I've been saying that for years to supporters whose expectations were set on a generation of outliers. People without a sense or knowledge of history. The amount of disbelief when you explain to some of them that the Wallabies have lost to Tonga for example. The sad aspect is it didn't have to be this way, but instead of becoming Ireland, they spent 20 years mismanaging it and squandering the opportunity.
That's why there's the hope that 2025-27 will be a great reset. But as the FIFA WWC showed, you need your team to be successful at the same time. Eddie may well be correct that there's quality in the current squad that will turn into world class players, but that light at the end of the tunnel is very dim.

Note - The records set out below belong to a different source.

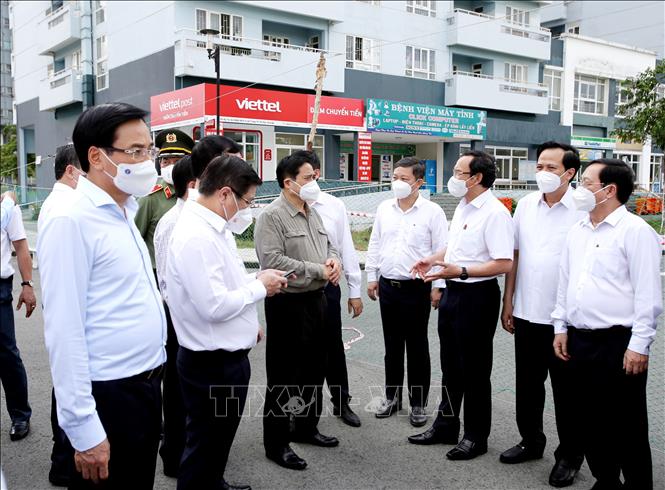 Thủ tướng Phạm Minh Chính kiểm tra tại khu cách ly Ký túc xá Đại học quốc gia Thành phố Hồ Chí Minh. Ảnh: Thành Chung/TTXVN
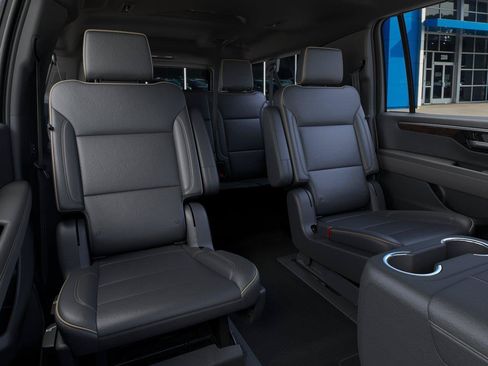 New 2026 Chevrolet Suburban Premier w/ Sun And Tow Package AWD/4WD image 17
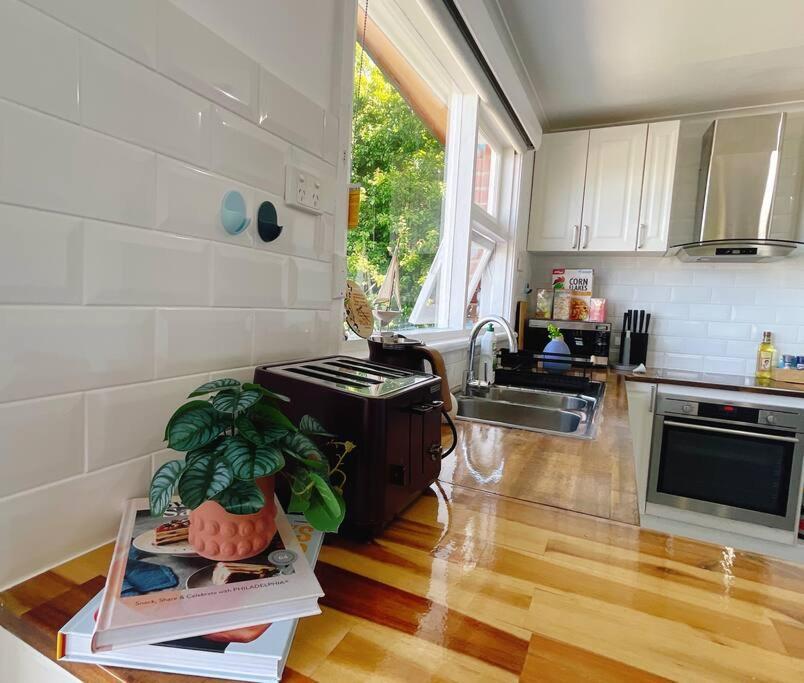 Holiday home Stunning West Home- Close To And Shops Hobart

@Kiwiwomble said in Aussie Rugby:
@voodoo NZ doesn't look much better to me, clubs going belly up, abysmal crowds in stands, i think some of us look at +60k people turning up to an AB's game and think all is fine....what we need to +20k every week for all teams in the super rugby
Why, when you can watch it from home and not get gouged for food and drinks at a ridiculous nonfamily friendly time?
@antipodean i cant argue with that...but other sports manage it (and much more), so i think rugby is missing something
@Tim said in Aussie Rugby:
Australia needs to drop two SR teams, or there needs to be more NZ teams. Current competition isn't competitive.

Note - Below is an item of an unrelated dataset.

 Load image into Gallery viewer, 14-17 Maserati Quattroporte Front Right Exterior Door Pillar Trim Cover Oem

personally i feel that means theyre only going to be developing less than a hundred top players...so i feel the latter is a better option, might lower the average skill level in the short term....but long term i think it will come back up
@Kiwiwomble said in Aussie Rugby:
@antipodean i cant argue with that...but other sports manage it (and much more), so i think rugby is missing something
I'd change the scheduling so that there was only one marquee game at night and the rest during the day so families could attend. I'd also make it cheaper for families to attend games which drives atmosphere. Better atmosphere, more water cooler talk, more attendance.

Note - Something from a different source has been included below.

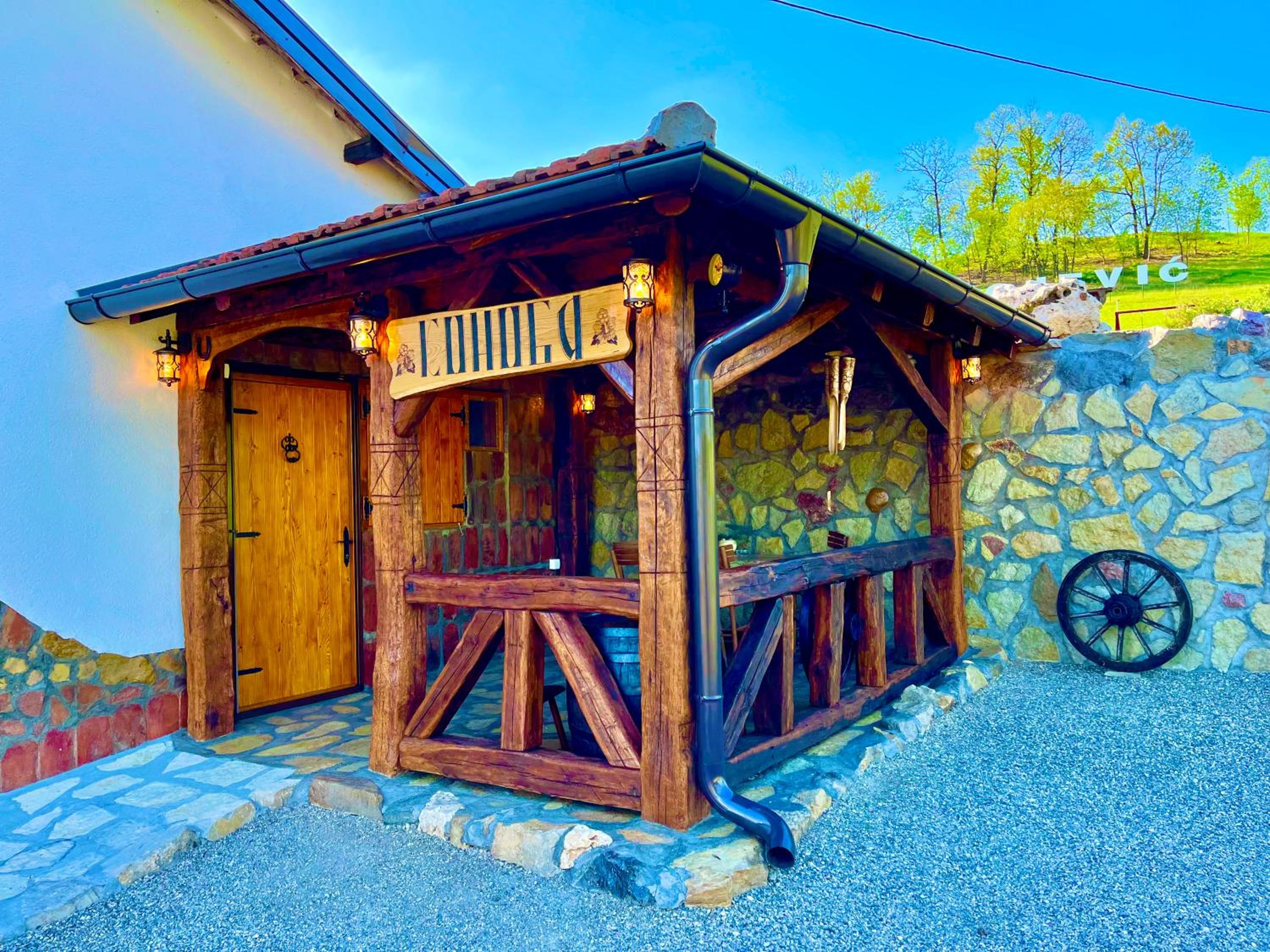Superior Bungalow photo 1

@antipodean said in Aussie Rugby:
@Kiwiwomble said in Aussie Rugby:
@antipodean i cant argue with that...but other sports manage it (and much more), so i think rugby is missing something
I'd change the scheduling so that there was only one marquee game at night and the rest during the day so families could attend. I'd also make it cheaper for families to attend games which drives atmosphere. Better atmosphere, more water cooler talk, more attendance.
definitely
@antipodean said in Aussie Rugby:
@Kiwiwomble said in Aussie Rugby:
@antipodean i cant argue with that...but other sports manage it (and much more), so i think rugby is missing something
I'd change the scheduling so that there was only one marquee game at night and the rest during the day so families could attend. I'd also make it cheaper for families to attend games which drives atmosphere. Better atmosphere, more water cooler talk, more attendance.
But think of the TV rights holders!
@NTA said in Aussie Rugby:
@antipodean said in Aussie Rugby:
@Kiwiwomble said in Aussie Rugby:
@antipodean i cant argue with that...but other sports manage it (and much more), so i think rugby is missing something
I'd change the scheduling so that there was only one marquee game at night and the rest during the day so families could attend. I'd also make it cheaper for families to attend games which drives atmosphere. Better atmosphere, more water cooler talk, more attendance.
But think of the TV rights holders!
lol you need an audience for TV
@NTA No, what he's saying is that the priority of schools isn't to be a part of a pathway.
Now that may be part of the overall systemic problem, but that isn't the schools fault nor should it be on them to fix it.